A DAD'S LIFE:You have to be hardy to enjoy an Irish summer, writes ADAM BROPHY
SUMMER IS about swimming. It’s about convincing yourself going to the beach is the right thing to do, even though it’s 13 degrees, cloudy and the wind’s kicking up to Wizard of Oz levels.
You get there, unload the blankets, thermals, windbreaks and portable barbecues and settle in for a couple of hours picking sand out of your paperback. There is, of course, the obligatory trip to the water’s edge and baptism of ice. In twos and threes, the group will drag themselves seaward. Kids sprint straight in. The rest of us engage in the macho charade.
Sea Alpha Dad (SAD) dives under the first Arctic wave. Sea Beta Dad (SBD) shoots him daggers and thinks of the Grand Prix he’s recording at home. He could be watching it live instead of being sandblasted by a roaring ocean under the pretence that this is summer fun. Enjoy it.
Sea Alpha Mum (SAM), usually SAD’s wife, follows him in to much uproarious banter. The two then defy their natural inclination to shiver their brains out their ears and instead breast stroke out past the break. SBD wants to return to the shelter of the windbreak, but knows he will endure hours of ritual abuse if he does not immerse himself fully for at least seven seconds.
Sea Beta Mum (SBM) stands, water to her knees, ladling handfuls of water over her neck and shoulders, but she seems to actively enjoy the process of self-freezing. She may not plough to the horizon like the other two, but she’ll slowly bear the brunt of the breakers with a smile on her face.
By now, the kids have circled SBD and are cajoling and kicking him in. If he knew he could get away with it, he would forearm smash them all to the floor and march to the pub. But he has to allow them drag him seawards. That is the ritual. That is the law. The kids are gentler with SBM, but they sense SBD’s anguish and annihilate him.
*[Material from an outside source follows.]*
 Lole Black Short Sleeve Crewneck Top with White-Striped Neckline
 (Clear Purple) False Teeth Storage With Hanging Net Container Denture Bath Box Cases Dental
Wetsuits have changed the face of Irish swimming. The kids can now spend a whole day in the water without having to join the fish fingers for half an hour in the oven on return home. Unfortunately though, unless you are a triathlete and “officially” engaged in a training session, the use of wetsuits is not permitted among beach-going adults.
The adult who dares to don protection for his or her dip will have an enjoyable, relaxing time, but afterwards will be mocked to extremes by their mottled, goosepimpled friends and family. They will be denounced for not having engaged in the full experience, the full spiritual revelation that accompanies near-suicide for fun in the Atlantic.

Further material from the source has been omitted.